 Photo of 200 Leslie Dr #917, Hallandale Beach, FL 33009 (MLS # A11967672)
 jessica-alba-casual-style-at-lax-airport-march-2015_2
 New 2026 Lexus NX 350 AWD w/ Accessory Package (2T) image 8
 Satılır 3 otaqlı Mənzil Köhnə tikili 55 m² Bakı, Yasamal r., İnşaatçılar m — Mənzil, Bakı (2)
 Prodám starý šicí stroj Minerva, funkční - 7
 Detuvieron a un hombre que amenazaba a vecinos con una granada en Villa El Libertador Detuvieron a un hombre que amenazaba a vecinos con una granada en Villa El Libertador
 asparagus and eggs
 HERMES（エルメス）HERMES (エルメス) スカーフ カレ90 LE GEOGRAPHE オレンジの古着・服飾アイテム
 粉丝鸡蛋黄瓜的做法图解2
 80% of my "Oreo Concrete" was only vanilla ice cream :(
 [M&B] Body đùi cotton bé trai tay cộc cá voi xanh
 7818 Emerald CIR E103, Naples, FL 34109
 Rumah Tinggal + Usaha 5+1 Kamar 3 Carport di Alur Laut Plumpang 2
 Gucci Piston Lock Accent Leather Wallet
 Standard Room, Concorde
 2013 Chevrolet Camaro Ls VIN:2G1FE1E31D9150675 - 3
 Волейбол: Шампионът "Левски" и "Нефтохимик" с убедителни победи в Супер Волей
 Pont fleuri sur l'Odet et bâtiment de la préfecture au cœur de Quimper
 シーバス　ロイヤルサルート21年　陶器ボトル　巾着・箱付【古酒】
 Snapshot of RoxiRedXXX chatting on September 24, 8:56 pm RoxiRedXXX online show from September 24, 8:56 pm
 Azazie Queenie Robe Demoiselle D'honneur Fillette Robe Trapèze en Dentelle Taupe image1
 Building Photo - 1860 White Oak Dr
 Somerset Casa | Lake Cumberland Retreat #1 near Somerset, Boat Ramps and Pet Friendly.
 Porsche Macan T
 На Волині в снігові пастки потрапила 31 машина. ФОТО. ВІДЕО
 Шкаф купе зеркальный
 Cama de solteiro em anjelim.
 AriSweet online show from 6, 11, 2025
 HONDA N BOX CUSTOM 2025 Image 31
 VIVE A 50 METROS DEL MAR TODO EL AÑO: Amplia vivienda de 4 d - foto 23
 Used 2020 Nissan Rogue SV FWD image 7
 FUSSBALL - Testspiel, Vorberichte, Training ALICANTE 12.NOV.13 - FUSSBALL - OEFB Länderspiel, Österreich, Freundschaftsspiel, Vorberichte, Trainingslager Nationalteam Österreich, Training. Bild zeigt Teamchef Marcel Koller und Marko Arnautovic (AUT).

————

Task directions
Your answer should contain every entry, transcribed exactly.

Reply to the task
 Photo of 200 Leslie Dr #917, Hallandale Beach, FL 33009 (MLS # A11967672)
 jessica-alba-casual-style-at-lax-airport-march-2015_2
 New 2026 Lexus NX 350 AWD w/ Accessory Package (2T) image 8
 Satılır 3 otaqlı Mənzil Köhnə tikili 55 m² Bakı, Yasamal r., İnşaatçılar m — Mənzil, Bakı (2)
 Prodám starý šicí stroj Minerva, funkční - 7
 Detuvieron a un hombre que amenazaba a vecinos con una granada en Villa El Libertador Detuvieron a un hombre que amenazaba a vecinos con una granada en Villa El Libertador
 asparagus and eggs
 HERMES（エルメス）HERMES (エルメス) スカーフ カレ90 LE GEOGRAPHE オレンジの古着・服飾アイテム
 粉丝鸡蛋黄瓜的做法图解2
 80% of my "Oreo Concrete" was only vanilla ice cream :(
 [M&B] Body đùi cotton bé trai tay cộc cá voi xanh
 7818 Emerald CIR E103, Naples, FL 34109
 Rumah Tinggal + Usaha 5+1 Kamar 3 Carport di Alur Laut Plumpang 2
 Gucci Piston Lock Accent Leather Wallet
 Standard Room, Concorde
 2013 Chevrolet Camaro Ls VIN:2G1FE1E31D9150675 - 3
 Волейбол: Шампионът "Левски" и "Нефтохимик" с убедителни победи в Супер Волей
 Pont fleuri sur l'Odet et bâtiment de la préfecture au cœur de Quimper
 シーバス　ロイヤルサルート21年　陶器ボトル　巾着・箱付【古酒】
 Snapshot of RoxiRedXXX chatting on September 24, 8:56 pm RoxiRedXXX online show from September 24, 8:56 pm
 Azazie Queenie Robe Demoiselle D'honneur Fillette Robe Trapèze en Dentelle Taupe image1
 Building Photo - 1860 White Oak Dr
 Somerset Casa | Lake Cumberland Retreat #1 near Somerset, Boat Ramps and Pet Friendly.
 Porsche Macan T
 На Волині в снігові пастки потрапила 31 машина. ФОТО. ВІДЕО
 Шкаф купе зеркальный
 Cama de solteiro em anjelim.
 AriSweet online show from 6, 11, 2025
 HONDA N BOX CUSTOM 2025 Image 31
 VIVE A 50 METROS DEL MAR TODO EL AÑO: Amplia vivienda de 4 d - foto 23
 Used 2020 Nissan Rogue SV FWD image 7
 FUSSBALL - Testspiel, Vorberichte, Training ALICANTE 12.NOV.13 - FUSSBALL - OEFB Länderspiel, Österreich, Freundschaftsspiel, Vorberichte, Trainingslager Nationalteam Österreich, Training. Bild zeigt Teamchef Marcel Koller und Marko Arnautovic (AUT).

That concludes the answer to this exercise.